The GSCA, for one, will not support the petition, said chair Dick Hibma. Hibma, a member of the International Joint Commission's International Upper Great Lake Study Public Interest Advisory Group, said there's already an ongoing study to deal with concerns over the St. Clair River and it's an oversimplification to say its dredging is the cause of low lake levels.

 

The International Joint Commissions Great Lake Study is a five-year, $17-million study to determine whether the regulation of Lake Superior outflows can be improved to address the evolving needs of users on Lakes Superior, Huron, Michigan and Erie.

 

Physical changes to the St. Clair River, which forms part of the connecting channel between Lake Huron and Lake Erie, will be investigated as one factor that might be affecting water levels and flows.
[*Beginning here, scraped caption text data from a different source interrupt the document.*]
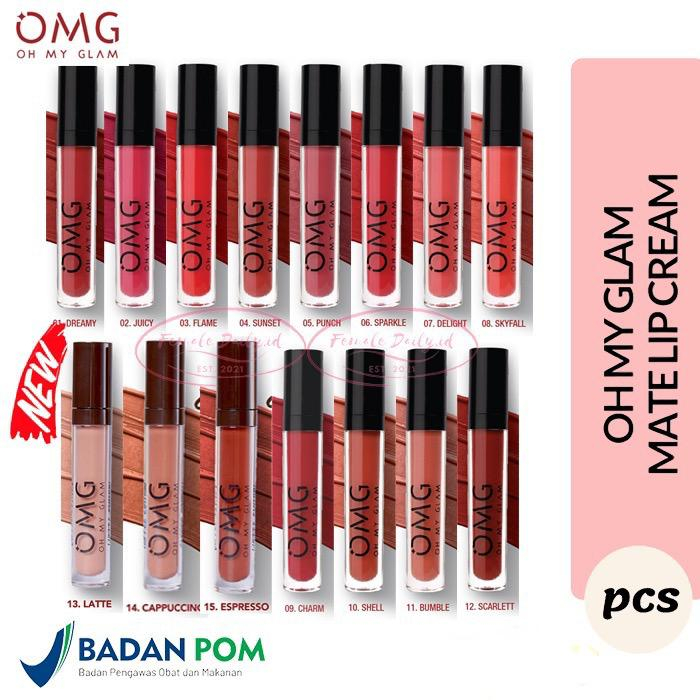 OMG OH MY GLAM Matte Kiss Lip Cream 3,5Gr / Lipstik Lipcream OMG BPOM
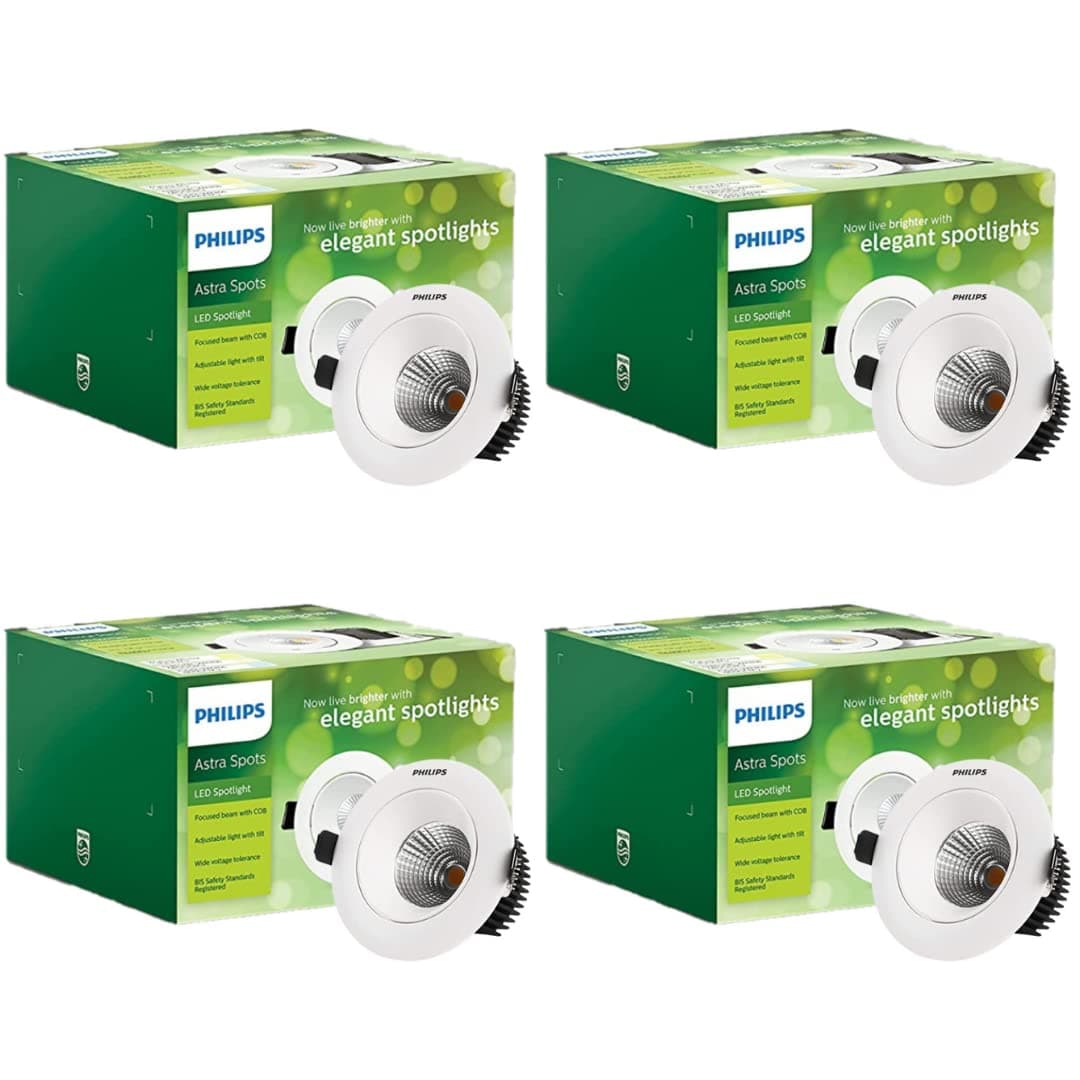 PHILIPS Astra Spot 20-watt LED Spotlight || LED Spotlight for Display || Natural White,Pack of 4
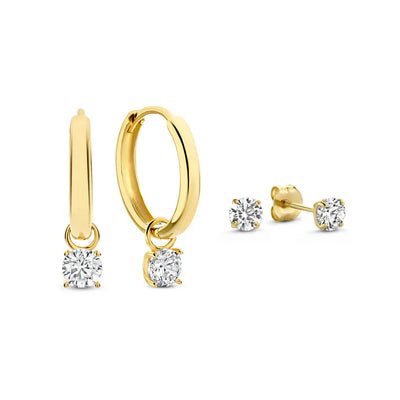 Clara | Diamond Pendant Earrings 18k Gold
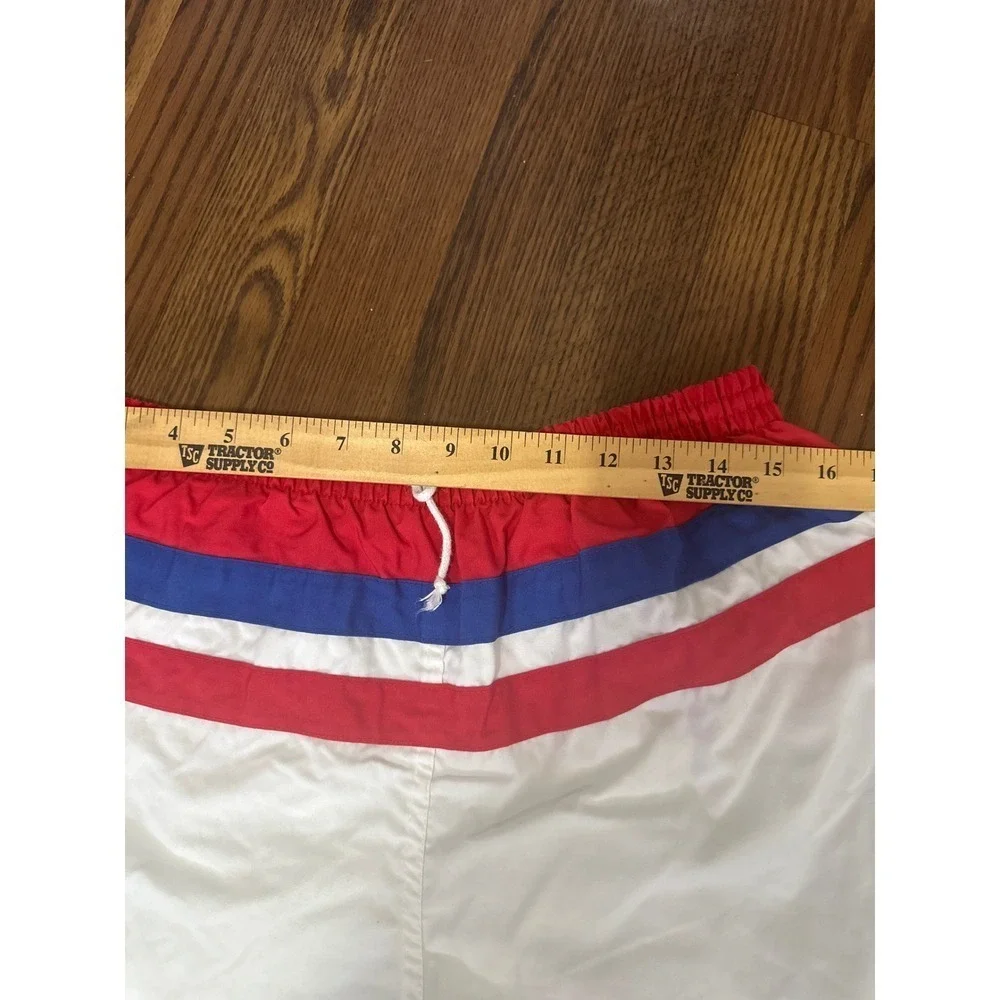 Vintage 80's Pacific Scene Striped Swim Red White Blue
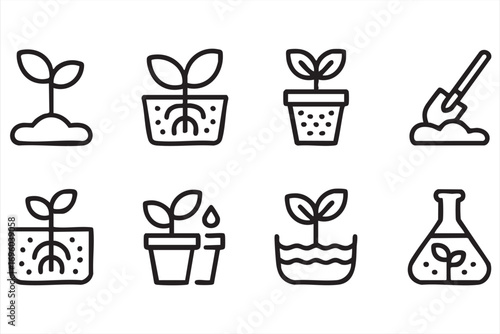 Plant Growth Vector Symbols of Roots Soil and Seedling Development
The commission was established by the Boundary Waters Treaty of 1909 to prevent and resolve disputes over the use of waters shared by the United States and Canada.

 

Depending on the nature and extent of the physical changes and their potential impact on water levels and flows, the study may also explore potential remediation options.

 

Hibma said the Great Lakes system from Thunder Bay to Cornwall is self-regulating and there are a number of factors involved including climate change, water taking, evaporation and changing landscapes.

 

"There are so many things that we don't understand yet, it would be premature and misguided to react to this petition," Hibma said.